Trying to stay +Positive+

I'm back in the gem state. I got about 3 hours of sleep last night and I'm not happy about it. I'm actually having a pretty down day, mostly tiredness, but I got my FAFSA back today and I received about 1/2 of what I was expecting. Apparently I'm not poor enough. Oh well. Nothing I can do right now right? Man I am not looking forward to job searching when I get home. I'll probably be able to get my job at Beverly's back, but I mostly just wanna work nights there and work full time somewhere else. AKA MOOOLAAAAAAA. We'll see I guess. Just depends how everything turns out.
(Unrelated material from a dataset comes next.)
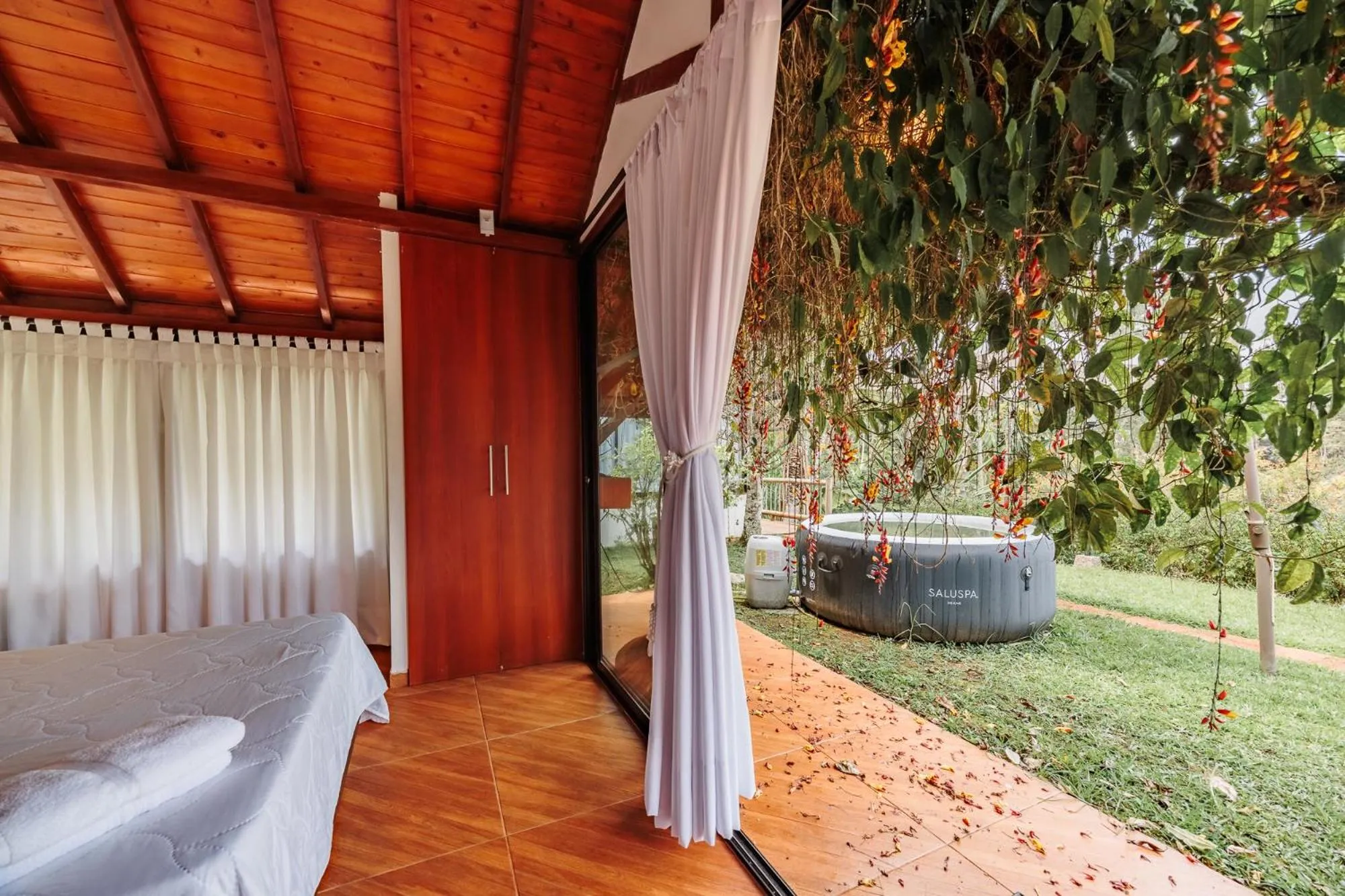 Pietrasanta hotel campestre frente a la represa del Peñol y Guatape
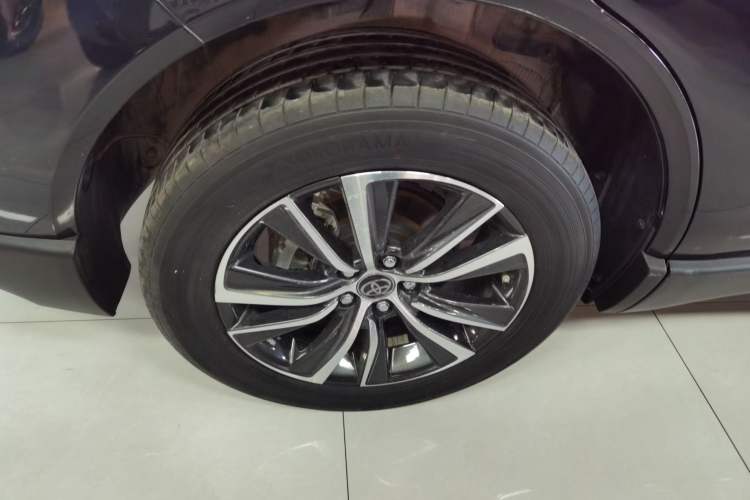 Used Toyota Harrier 2022 Dual-Engine 2.5L CVT Two-Wheel Drive Luxury Edition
I am excited to sell my books back soon. Looks like I'll be getting $180 back...maybe I'll actually be able to spend money at warped tour...probably not. After this week of school I get to see my family, spend 4 hours with my cousin and just relax for 2 weeks. And by relax I mean I'll prolly have a nervous stomach about job hunting the whole time. I swear, I should have an ulcer by now. I worry thoroughly. I guess while I'm spending time with my sister I will be applying for scholarships like mad. I did really love seeing her for a few hours last night. Now that I have that all out of my system how about a few quotes for you listening to me whine.

I think that's what's wrong with the world; no one says what they feel, they always hold it inside. They're sad, but they don't cry. They're happy, but they don't sing or dance. They're angry, but they don't scream. 'Cause if they do, they feel ashamed. And that's the worst feeling in the world. So everyone walks with their heads down and no one sees how beautiful the sky really is.

Author Unknown

Life is made up of years that mean nothing and moments that mean it all.

Author Unknown

Let me tell you something you already know. The world isn’t all sunshine and rainbows. It is a very mean and nasty place and it will beat you to your knees and keep you there permanently if you let it. You, me, or nobody is going to hit as hard as life. But it isn’t how hard you hit; it’s about how hard you can get hit, and keep moving forward. How much you can take and keep moving forward. That’s how winning is done. Now, if you know what you’re worth then go out and get what you’re worth, but you got to be willing to take the hit.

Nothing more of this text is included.